During a campaign event in Des Moines, Iowa, 2020 presidential candidate Pete Buttigieg was answering questions submitted by an audience that filled a saloon hall when a question from an 11-year-old girl named Rebecca was pulled. She wanted to know: Did Mayor Pete have any advice about bullying? In a video posted by the Des Moines Register, the former Mayor of South Bend, Indiana, and first openly gay presidential candidate is seen sharing a personal response to Rebecca's question, admitting he'd been bullied himself.
“Part of the advice I’d give is to be willing to talk about it," Buttigieg said, facing towards Rebecca, "So I think you’re leading the way on that. ... Everybody who’s different can be bullied, and the secret is everybody’s different in some way. You have nothing to be ashamed of."

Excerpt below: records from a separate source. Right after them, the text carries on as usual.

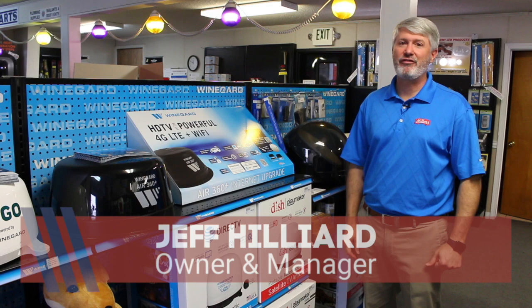Hey, this is Jeff with Miller's RV. I'm here today to answer the question: which satellite system is going to work best with my RV?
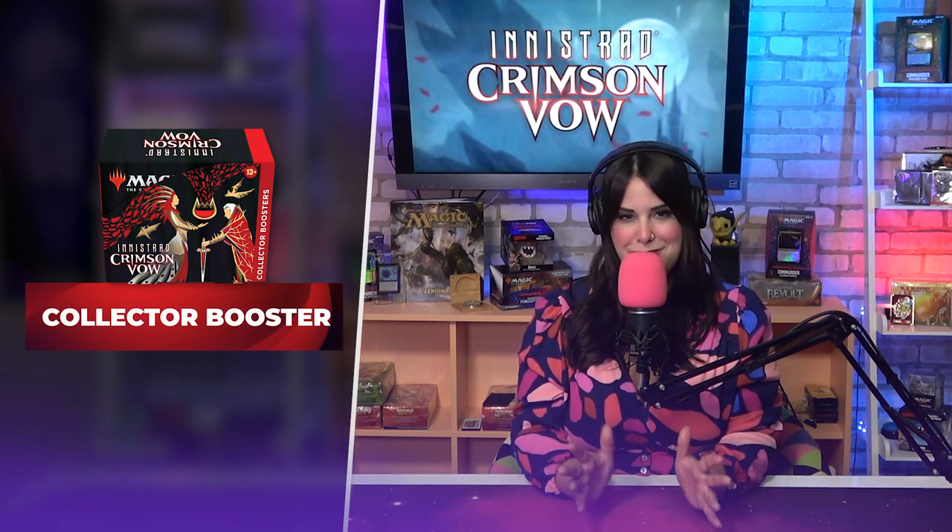Collector boosters take it all to the next level with loads of awesome treatments and traditional foils. They always include one borderless Dracula treatment card and may contain more in foil.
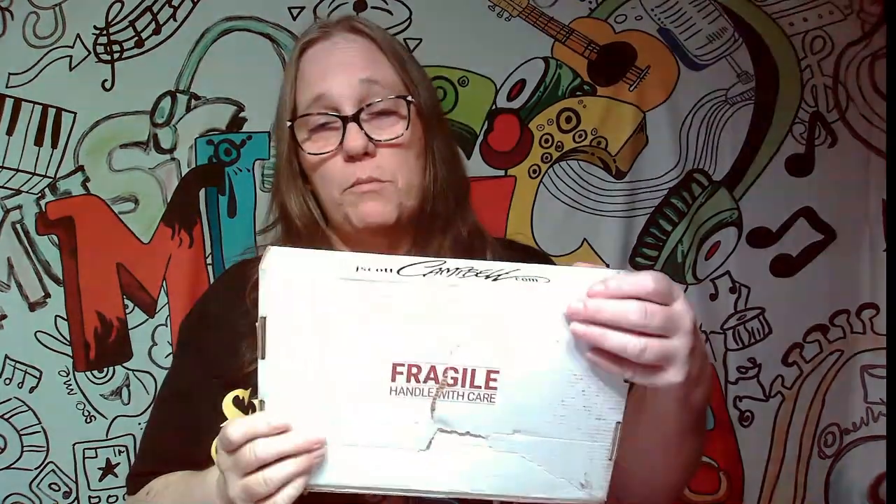Hey everybody, it's Mama J and I am here with a box from Awesome Toy Box Troy. I'm not sure what's in the box. I've already cut it, so we're gonna pop it open.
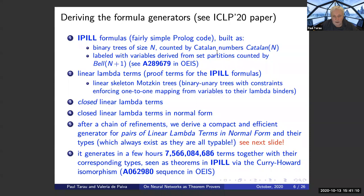We have n+1 leaves for binary trees with n internal nodes. Linear lambda terms, which would be the proof terms, are derived first by introducing something called the linear skeleton of Motzkin trees — binary-unary trees with constraints enforcing a one-to-one mapping from variables to their lambda binders. Then we derive closed linear lambda terms, and then we derive them in normal form.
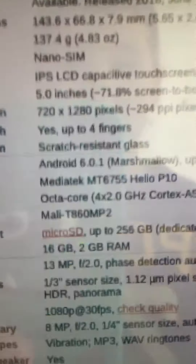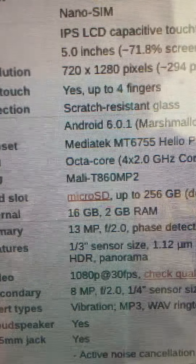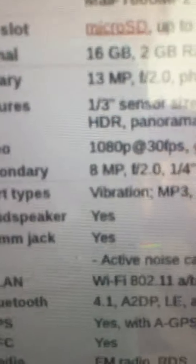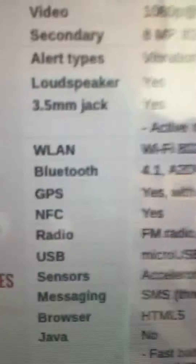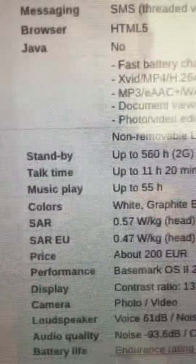It has Android 6.0.1 Marshmallow, upgradable to 7.0 Nougat, with a processor by MediaTek. It takes a nano-SIM only, has an 8-megapixel selfie camera, which is cool, and it has a loud speaker with vibrating ringtone support.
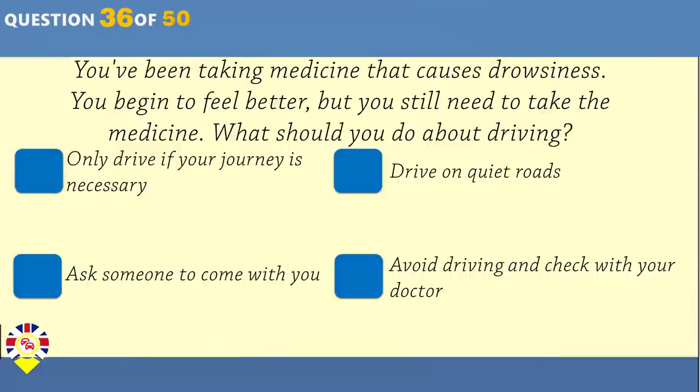You've been taking medicine that causes drowsiness. You begin to feel better, but you still need to take the medicine. What should you do about driving? Only drive if your journey is necessary. Drive on quiet roads. Ask someone to come with you. Avoid driving and check with your doctor.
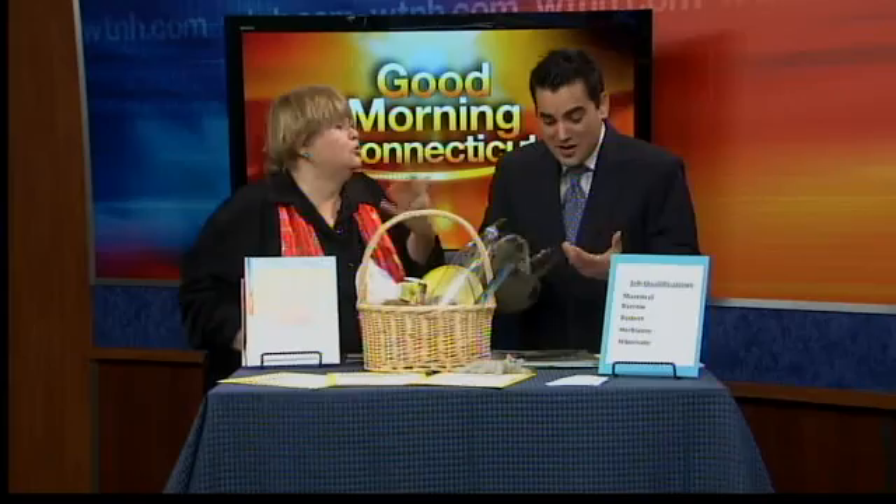I had no idea that they were also called Whistlepigs, but I just learned that. Jan Doyle from Classroom Connections is here, and she brought in her pet groundhog. His name is Wally the Woodchuck. He has really three names: Groundhog, Woodchuck, or Whistlepig. Who knew?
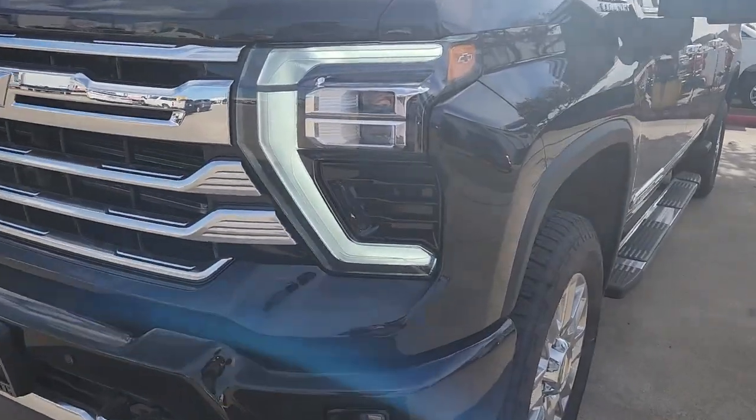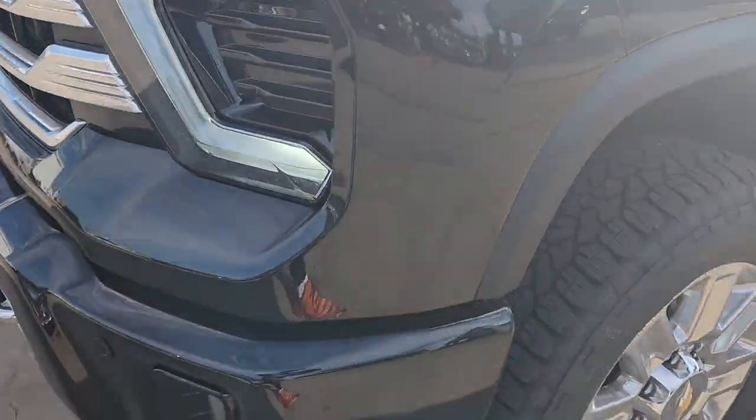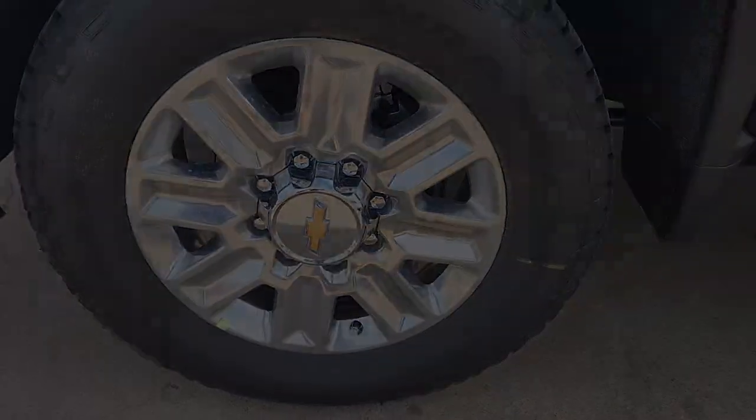See how refined and comfortable a bold, muscular work machine can be. Drive the all-new Silverado.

“The person who’s bullying you probably has something a little broken in them,” he continued. “... They want to kind of control a situation because something else in their life isn’t going well, and they don’t feel they have control in a bigger way.”
As Buttigieg was speaking about bullies, someone from the crowd yelled "sounds familiar!"
“I think it really matters that we have a president who doesn’t show that kind of behavior," Buttigieg said in response to the audience member's comment. "It’s one of the reasons I’m running for president.”
President Donald Trump, whose ascent to power and first two years in office has been defined by racist remarks and petty name calling, seems to fit the bill for a bully. From making fun of a disabled reporter during his 2016 campaign, to calling Latino migrants "animals" in 2018, Trump has used his global platform to punch down at vulnerable people to further his own agenda.
“It’s also a moral office … you want to have leaders — and certainly, want to have a president — who can lead in a way that equips young people to deal with bullying," Buttigieg continued. "Needless to say, we’ve got the opposite of that now.”